▶

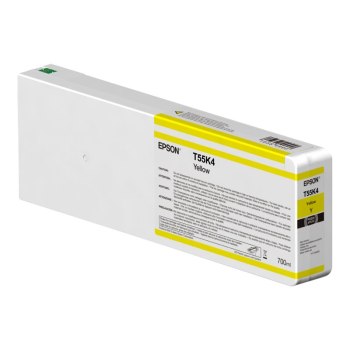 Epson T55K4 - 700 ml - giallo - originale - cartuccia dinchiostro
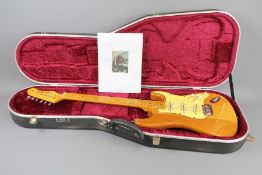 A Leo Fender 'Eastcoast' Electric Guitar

◀
▶

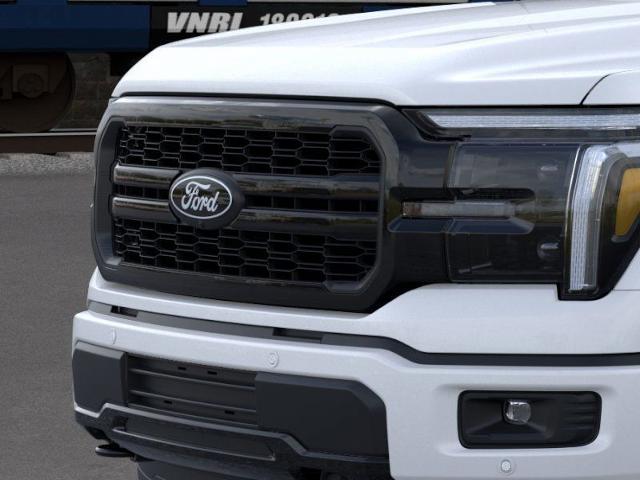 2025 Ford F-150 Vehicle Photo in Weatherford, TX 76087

◀
▶

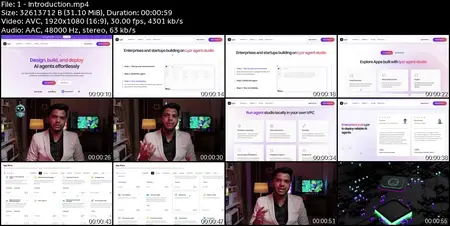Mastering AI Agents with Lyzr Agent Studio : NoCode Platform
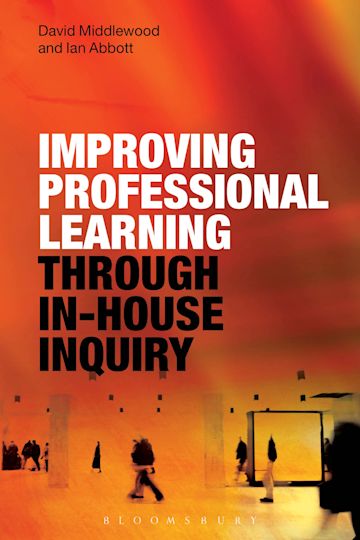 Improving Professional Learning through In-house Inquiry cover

◀

* _Assigned task_
From the line containing "Mastering AI Agents" through the line containing "Improving Professional Learning", copy every line above exactly, without pictures.

* _Exercise solution_
Mastering AI Agents with Lyzr Agent Studio : NoCode Platform
 Improving Professional Learning through In-house Inquiry cover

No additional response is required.